Data provided |
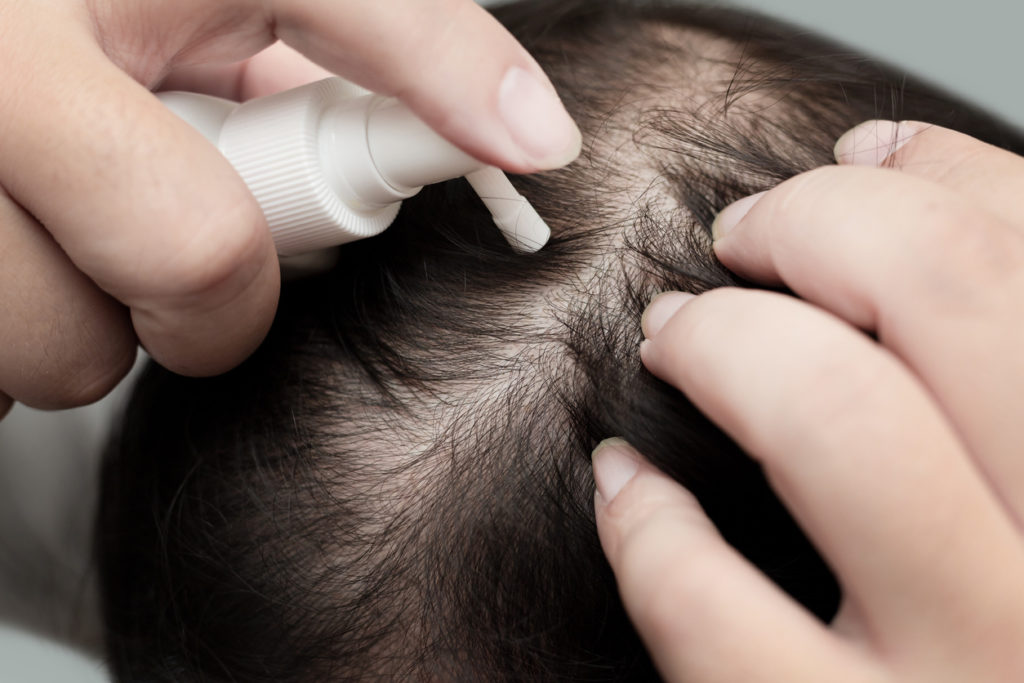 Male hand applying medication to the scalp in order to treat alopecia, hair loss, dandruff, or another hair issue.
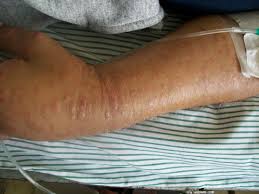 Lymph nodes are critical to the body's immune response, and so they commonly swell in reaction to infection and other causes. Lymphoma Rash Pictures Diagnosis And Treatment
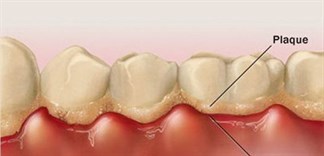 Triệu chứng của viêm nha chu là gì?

Problem description | Without changing a word, transcribe all of the data and omit its images.

Written solution |
 Male hand applying medication to the scalp in order to treat alopecia, hair loss, dandruff, or another hair issue.
 Lymph nodes are critical to the body's immune response, and so they commonly swell in reaction to infection and other causes. Lymphoma Rash Pictures Diagnosis And Treatment
 Triệu chứng của viêm nha chu là gì?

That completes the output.